Wherever "white" occurs in the entries, copy the line that holds it.

(WORKING DATA)

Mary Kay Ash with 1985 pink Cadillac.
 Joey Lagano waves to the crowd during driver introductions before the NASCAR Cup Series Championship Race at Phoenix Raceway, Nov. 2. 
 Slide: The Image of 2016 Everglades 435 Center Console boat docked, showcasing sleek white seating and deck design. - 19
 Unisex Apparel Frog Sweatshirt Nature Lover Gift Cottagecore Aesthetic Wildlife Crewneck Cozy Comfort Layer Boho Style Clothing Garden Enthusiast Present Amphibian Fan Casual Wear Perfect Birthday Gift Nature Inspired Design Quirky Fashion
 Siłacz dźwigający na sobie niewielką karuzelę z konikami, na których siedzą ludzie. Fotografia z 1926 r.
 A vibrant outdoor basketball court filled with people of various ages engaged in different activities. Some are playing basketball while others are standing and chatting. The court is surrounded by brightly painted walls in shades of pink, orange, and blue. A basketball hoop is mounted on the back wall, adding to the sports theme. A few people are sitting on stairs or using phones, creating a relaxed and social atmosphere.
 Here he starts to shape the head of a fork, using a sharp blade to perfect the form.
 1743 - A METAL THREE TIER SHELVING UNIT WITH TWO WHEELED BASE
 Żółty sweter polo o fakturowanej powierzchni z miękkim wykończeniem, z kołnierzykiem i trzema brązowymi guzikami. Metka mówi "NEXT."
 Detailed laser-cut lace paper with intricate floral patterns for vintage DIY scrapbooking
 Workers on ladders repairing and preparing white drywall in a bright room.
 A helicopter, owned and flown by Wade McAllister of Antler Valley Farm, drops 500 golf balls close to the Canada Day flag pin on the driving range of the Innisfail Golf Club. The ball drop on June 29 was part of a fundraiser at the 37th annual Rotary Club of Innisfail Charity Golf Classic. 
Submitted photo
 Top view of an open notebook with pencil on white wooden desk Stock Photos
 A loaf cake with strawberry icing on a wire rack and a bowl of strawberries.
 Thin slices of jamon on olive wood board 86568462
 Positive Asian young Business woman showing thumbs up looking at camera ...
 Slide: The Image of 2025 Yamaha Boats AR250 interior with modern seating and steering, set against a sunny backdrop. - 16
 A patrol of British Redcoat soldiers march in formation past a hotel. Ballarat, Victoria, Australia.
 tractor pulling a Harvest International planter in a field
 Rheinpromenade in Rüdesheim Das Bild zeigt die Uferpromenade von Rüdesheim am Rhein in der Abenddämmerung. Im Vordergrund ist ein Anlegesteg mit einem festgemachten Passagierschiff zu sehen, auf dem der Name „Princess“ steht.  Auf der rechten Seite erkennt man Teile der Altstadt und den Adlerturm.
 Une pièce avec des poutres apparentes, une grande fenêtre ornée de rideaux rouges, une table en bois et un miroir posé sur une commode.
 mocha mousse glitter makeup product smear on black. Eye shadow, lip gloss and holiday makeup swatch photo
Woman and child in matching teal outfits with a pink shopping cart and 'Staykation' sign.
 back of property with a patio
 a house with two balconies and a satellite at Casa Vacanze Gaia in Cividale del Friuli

(End WORKING DATA)

- _TASK RESULT_:
 Slide: The Image of 2016 Everglades 435 Center Console boat docked, showcasing sleek white seating and deck design. - 19
 Workers on ladders repairing and preparing white drywall in a bright room.
 Top view of an open notebook with pencil on white wooden desk Stock Photos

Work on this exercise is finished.